**Exercise description:** Give back every record that follows, exactly as written.

(Short web captions)
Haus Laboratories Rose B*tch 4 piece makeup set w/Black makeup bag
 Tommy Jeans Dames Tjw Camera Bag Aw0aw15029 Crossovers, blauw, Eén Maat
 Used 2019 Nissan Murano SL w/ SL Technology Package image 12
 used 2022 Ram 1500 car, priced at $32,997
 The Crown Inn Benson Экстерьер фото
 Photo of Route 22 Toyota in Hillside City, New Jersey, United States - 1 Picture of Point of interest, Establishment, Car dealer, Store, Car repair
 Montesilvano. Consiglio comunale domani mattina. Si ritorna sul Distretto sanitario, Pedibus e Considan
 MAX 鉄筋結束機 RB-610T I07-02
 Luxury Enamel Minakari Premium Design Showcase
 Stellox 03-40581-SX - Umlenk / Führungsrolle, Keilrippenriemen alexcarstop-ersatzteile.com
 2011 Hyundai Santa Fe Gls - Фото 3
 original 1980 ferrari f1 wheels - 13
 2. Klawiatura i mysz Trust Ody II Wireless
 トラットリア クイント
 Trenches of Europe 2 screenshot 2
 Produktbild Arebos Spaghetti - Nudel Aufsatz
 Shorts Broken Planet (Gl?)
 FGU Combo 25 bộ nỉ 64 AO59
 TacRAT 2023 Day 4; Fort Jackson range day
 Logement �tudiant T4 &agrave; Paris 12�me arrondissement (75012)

**Solution to the problem:**
Haus Laboratories Rose B*tch 4 piece makeup set w/Black makeup bag
 Tommy Jeans Dames Tjw Camera Bag Aw0aw15029 Crossovers, blauw, Eén Maat
 Used 2019 Nissan Murano SL w/ SL Technology Package image 12
 used 2022 Ram 1500 car, priced at $32,997
 The Crown Inn Benson Экстерьер фото
 Photo of Route 22 Toyota in Hillside City, New Jersey, United States - 1 Picture of Point of interest, Establishment, Car dealer, Store, Car repair
 Montesilvano. Consiglio comunale domani mattina. Si ritorna sul Distretto sanitario, Pedibus e Considan
 MAX 鉄筋結束機 RB-610T I07-02
 Luxury Enamel Minakari Premium Design Showcase
 Stellox 03-40581-SX - Umlenk / Führungsrolle, Keilrippenriemen alexcarstop-ersatzteile.com
 2011 Hyundai Santa Fe Gls - Фото 3
 original 1980 ferrari f1 wheels - 13
 2. Klawiatura i mysz Trust Ody II Wireless
 トラットリア クイント
 Trenches of Europe 2 screenshot 2
 Produktbild Arebos Spaghetti - Nudel Aufsatz
 Shorts Broken Planet (Gl?)
 FGU Combo 25 bộ nỉ 64 AO59
 TacRAT 2023 Day 4; Fort Jackson range day
 Logement �tudiant T4 &agrave; Paris 12�me arrondissement (75012)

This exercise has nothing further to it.